Our project, "From local production to global screens: How the film industry reflects globalization", seeks to reveal how cinema mirrors the broader process of globalization across three key dimensions: economic, cultural, and population. Motivated by a desire to make globalization more engaging, we position ourselves as a history teacher passionate about cinema. This passion-driven approach aims to transform the often dry topic of globalization into a captivating dialogue between a teacher and their class, featuring a particularly challenging student and an intelligent, insightful one. Economically, our project examines how co-productions and box office trends reflect global trade in the film industry. Culturally, we explore how film genres and iconic characters transcend borders, revealing cultural exchanges. In terms of population, we analyze actor diversity to highlight increased global mobility. Our motivation is to tell the story of cinema's role in fostering a more interconnected and culturally blended world.
-
Economic Globalization
- Is the movie industry representative of the economic aspect of globalization? For example, how did the number of movie co-productions between countries evolve?
- What is the impact of an international co-production on the budget allocated to each movie?
- How does the movie industry highlight the globalization of culture?
-
Cultural Globalization
- Can we see a uniformization of the culture through the evolution of the genres and topics of the movies that are produced?
- Can we see the cultural influence that some regions of the world have on others?
- Are there some movie characters that originate from a country and are also present in foreign movies?
- Are there movie summaries that mention foreign countries or regions and how did it evolve over time?
-
Population Mobility
- Does the diversity of actors' ethnicity in each movie increase over time?
- Can we see an increasing number of actors that take part in movies produced by different countries?
- Considering the number of translations available, where do the films that reach the largest audiences originate from?
-
Correlation
- Overall, is there a correlation between the globalization of the cinema industry and an existing globalization index?
- We need a premade world map to plot with geopandas: Natural Earth Data
- We need to consider inflation to adjust the revenue: Kaggle Inflation Dataset
- We consider additional movies to add consistency to the results of the Economics part: TMDB Data
For each segment of economy, culture, and population, we extract a new processed dataset from the cleaned dataset containing only the features relevant to that segment. This approach enables more efficient use of each dataset for the subsequent analysis. We also built different dictionaries to link each FreebaseID to the corresponding feature.
Our goal in this section is to show how the film industry's market bears witness to economic globalization.
- To address the free trade in goods and services, we will examine the box office revenue of films over time globally and by country.
- Focus on co-productions to estimate the influence of cross-country productions on the revenue as a witness to globalization.
- Tackle the evolution of the number of co-productions over time to highlight the free trade in goods and services.
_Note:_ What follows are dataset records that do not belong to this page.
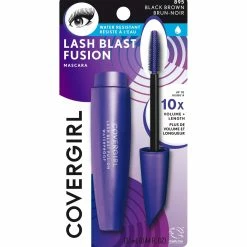 Promo 👍 CoverGirl Lash Blast Fusion Water Resistant Mascara ⭐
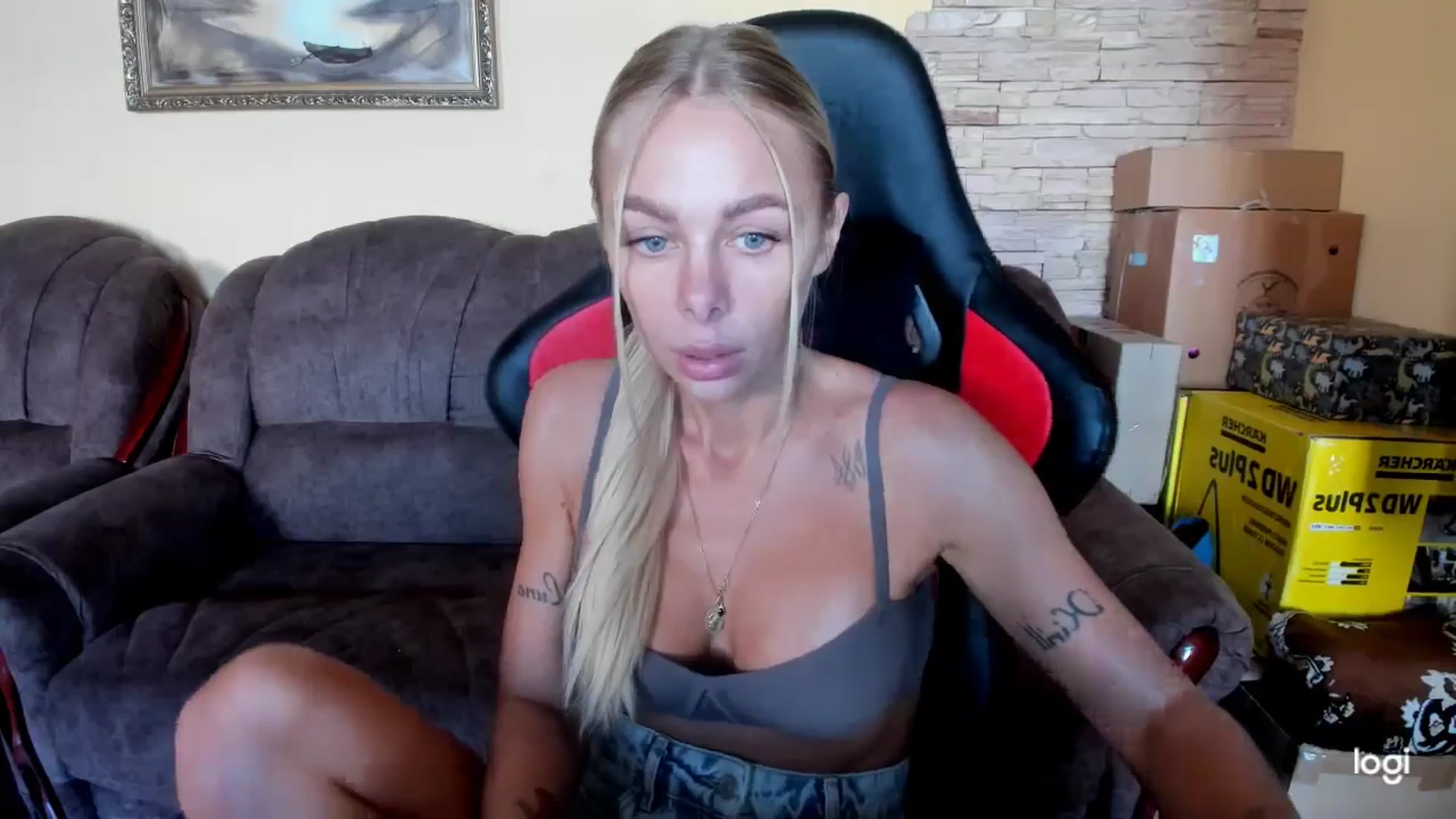 Gallery image thumbnail from YourPupsik's myfreecams stream on, 09/21/2025, 09:53 image 11 of 20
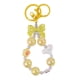 thumbnail image 1 of Llavero de perlas, pulsera de perlas encantadora, regalos de cumpleaños y San Valentín, juguetes para niños, 1 of 9
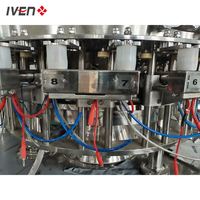 Machine de remplissage et de scellage de sacs souples professionnels sans PVC pour fluides IV, projet de fabrication clé en main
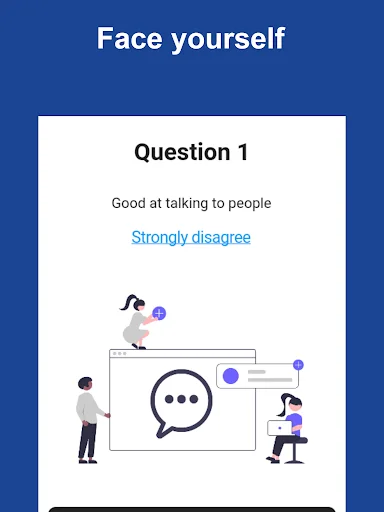 Descarga Self Analysis Game – Mejora tus habilidades hoy - Screenshot 5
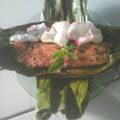 Cooksnap dari zmb mom's untuk resep Nasi bakar ikan sarden #PR_masakanbungkusdaun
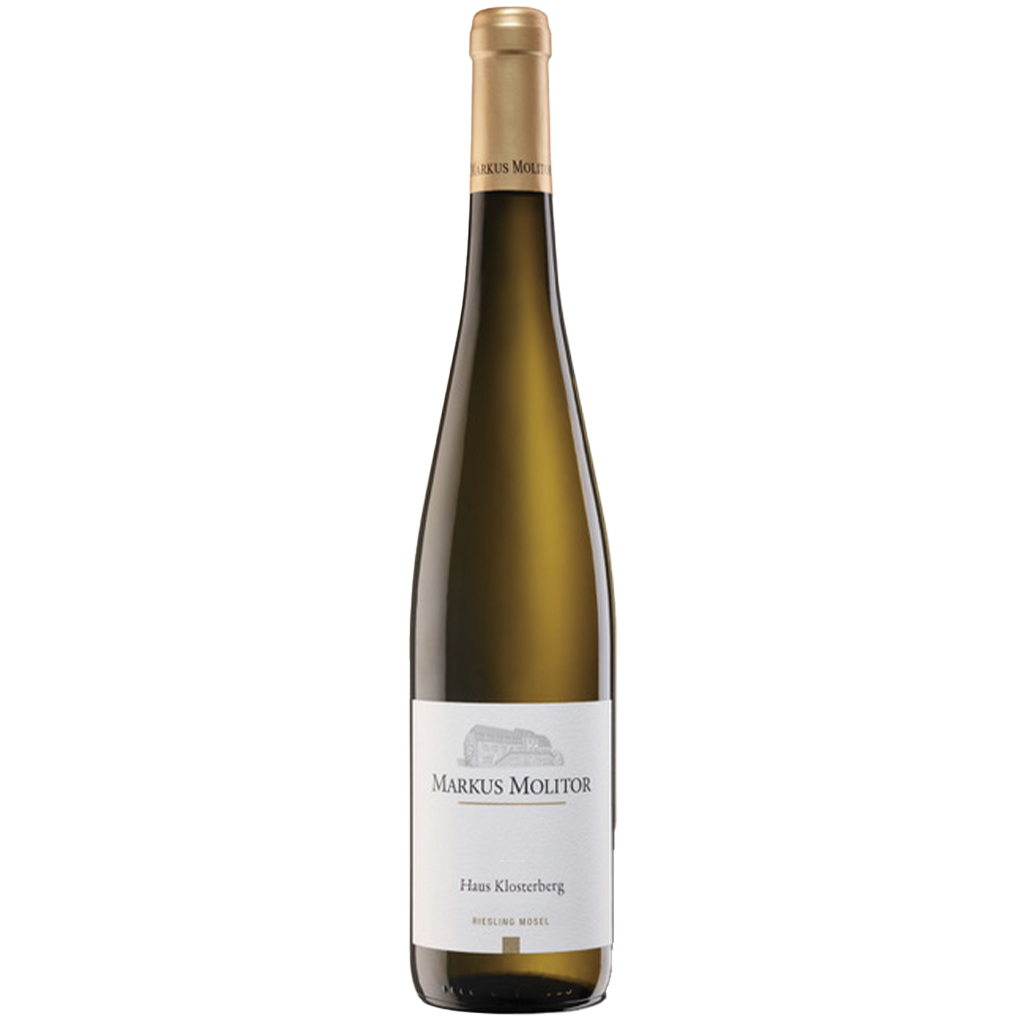 Markus Molitor Riesling Haus Klosterberg (Golden Capsule)  White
Our goal in this section is to study the cultural influences that countries have on each other’s films.
- Themes: Analyze cultural influences through themes by examining the impact of the United States on the themes of films produced in other countries. This involves clustering countries using geographic clustering and centroid-based techniques. NLP methods, such as SpaCy for Named Entity Recognition (NER), Hugging Face’s Transformers for zero-shot classification, and BERTopic for theme extraction, are used.
- Characters: Focus on characters and their appearances in productions from various countries. Deduce character origins through story settings analyzed with Hugging Face Transformers to enhance cultural influence assessments.
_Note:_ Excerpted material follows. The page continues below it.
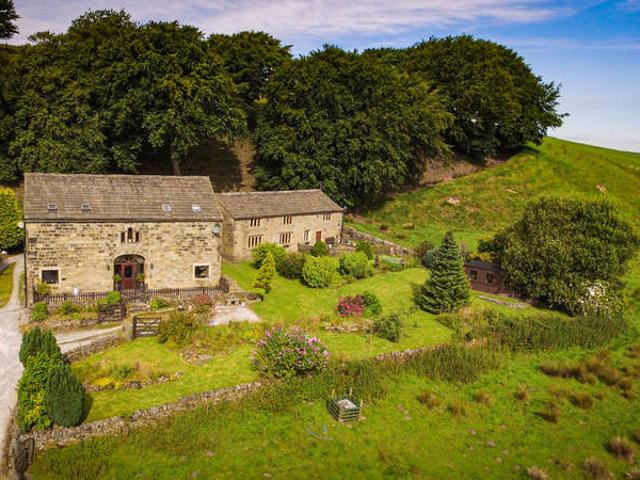 Farm for sale in Wadsworth, West Yorkshire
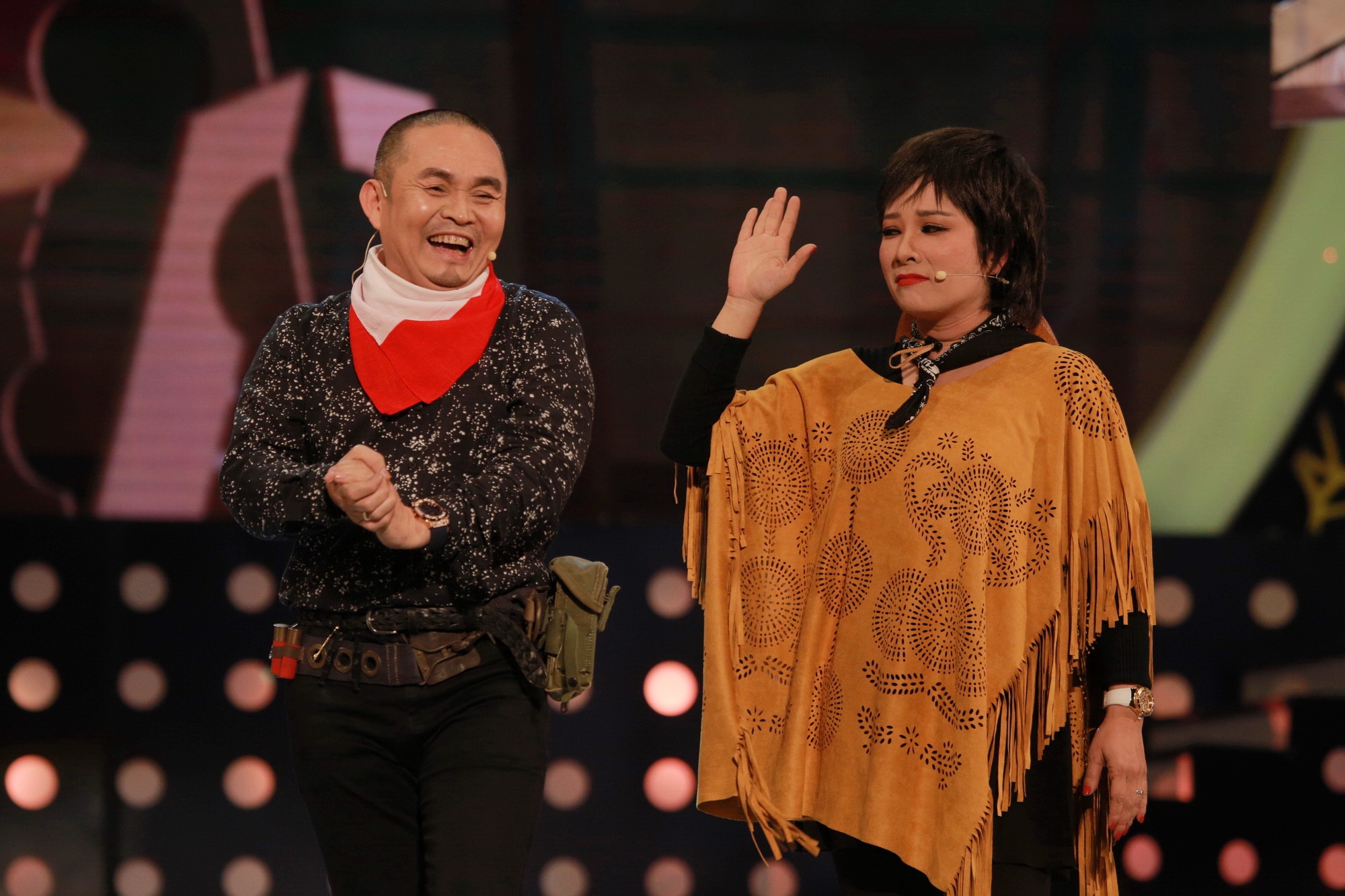 Hoai Linh gap nhau cuoi nam 2017 anh 5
The goal in this section is to see whether the movements and globalization of populations are visible in the movie industry.
- Visualize actor mobility by plotting an interactive map linking countries where actors worked.
- Analyze the average proportion of each ethnicity in movies over time. Steps include:
- Match Freebase_IDs to ethnicity names via Wikidata.
- Cluster or reduce the number of ethnicities for better visualization.
- Explore insights from the number of translations available for each country's films.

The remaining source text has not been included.